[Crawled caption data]
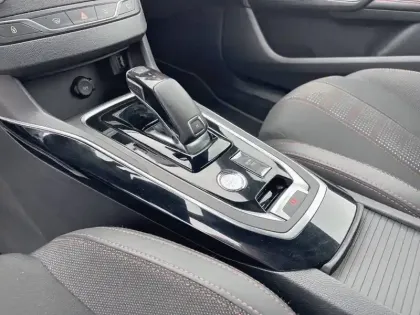 Photo 20 Peugeot 308  PureTech 130ch S&S EAT8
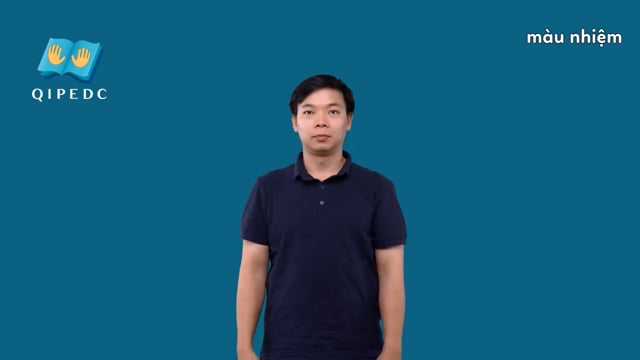 màu nhiệm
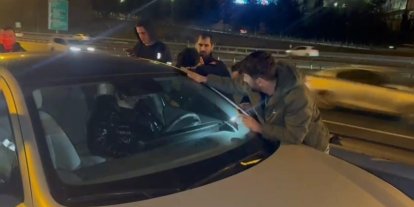 Otoyolda aracının içinde uyuyan adamı itfaiye camı kırarak uyandırdı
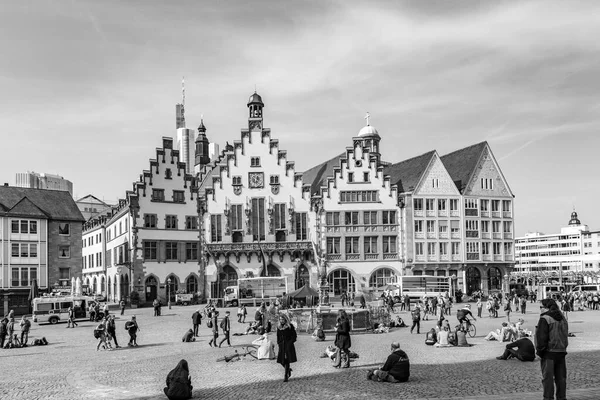 Frankfurt Germany March 2015 People Visit Roemer Central Square Frankfurt — Stock Photo, Image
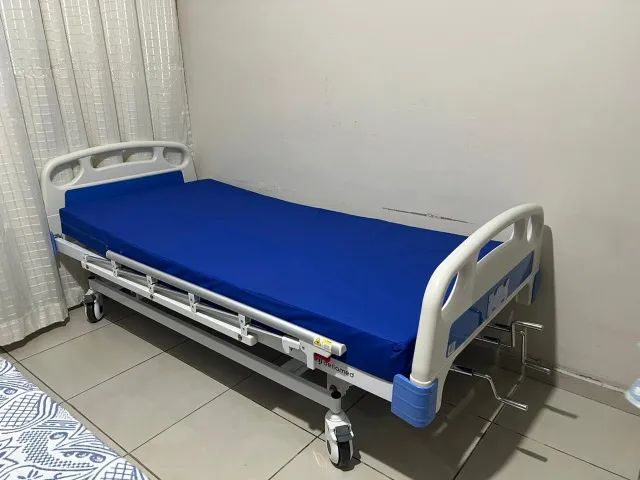KIT CAMA HOSPITALAR ELEVAÇÃO 3 MANIVELAS E COLCHÃO  - Foto 2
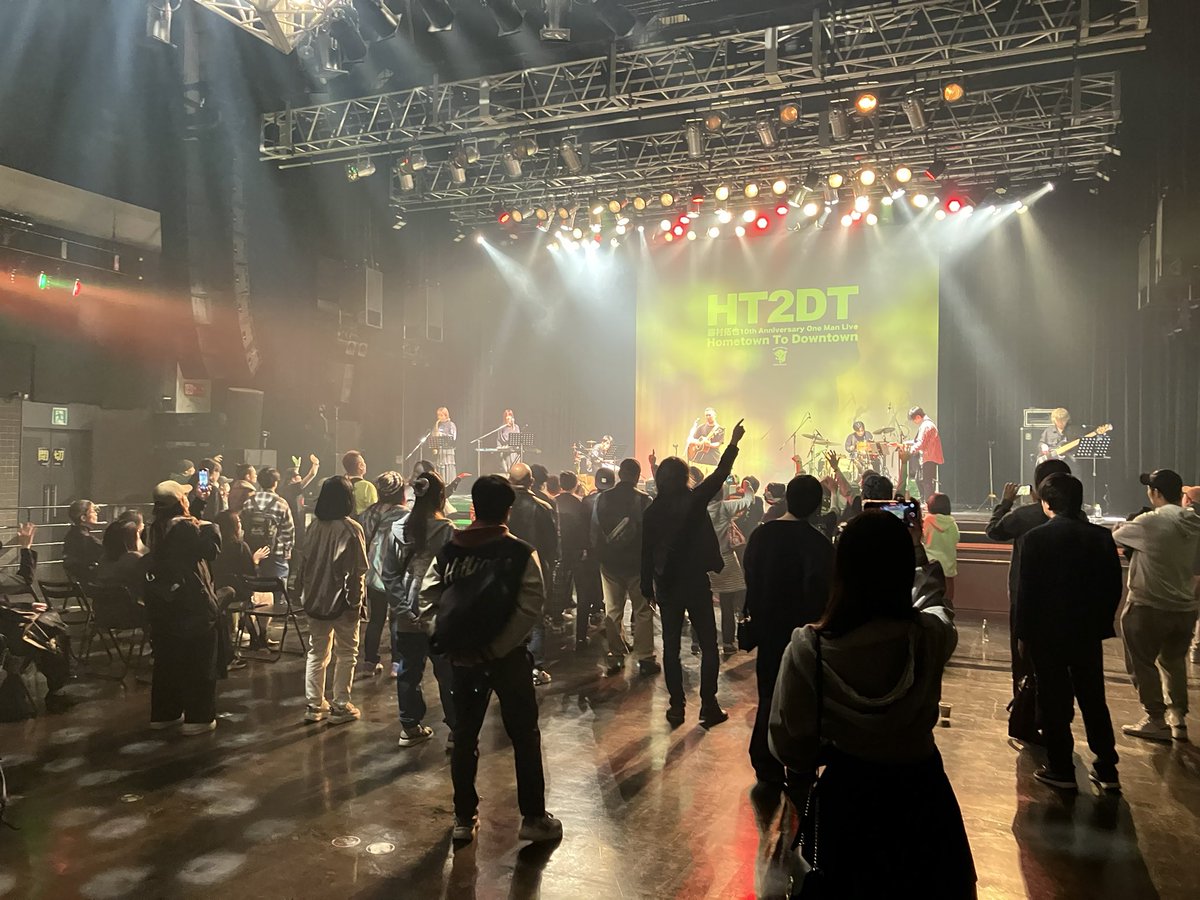 yukinojo8080's tweet photo. 今宵はクラブチッタへ藤村拓也さんのワンマンを観てきた
個人でチッタを押さえるのは大変だったと思うけど、それが彼なんだろな
en含めて120分のとてもイイ時間でした
(ファンのガヤがグズグズでおもしろかった爆🤣)
ラストの曲だけ撮影OKでしたので雰囲気だけでもお納めください
#藤村拓也
#HT2DT https://t.co/EBFFqG825h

▶ What needs to be done:
Retype each line of the records exactly as it reads; no pictures belong in the copy.

▶ Exercise response:
 Photo 20 Peugeot 308  PureTech 130ch S&S EAT8
 màu nhiệm
 Otoyolda aracının içinde uyuyan adamı itfaiye camı kırarak uyandırdı
 Frankfurt Germany March 2015 People Visit Roemer Central Square Frankfurt — Stock Photo, Image
KIT CAMA HOSPITALAR ELEVAÇÃO 3 MANIVELAS E COLCHÃO  - Foto 2
 yukinojo8080's tweet photo. 今宵はクラブチッタへ藤村拓也さんのワンマンを観てきた
個人でチッタを押さえるのは大変だったと思うけど、それが彼なんだろな
en含めて120分のとてもイイ時間でした
(ファンのガヤがグズグズでおもしろかった爆🤣)
ラストの曲だけ撮影OKでしたので雰囲気だけでもお納めください
#藤村拓也
#HT2DT https://t.co/EBFFqG825h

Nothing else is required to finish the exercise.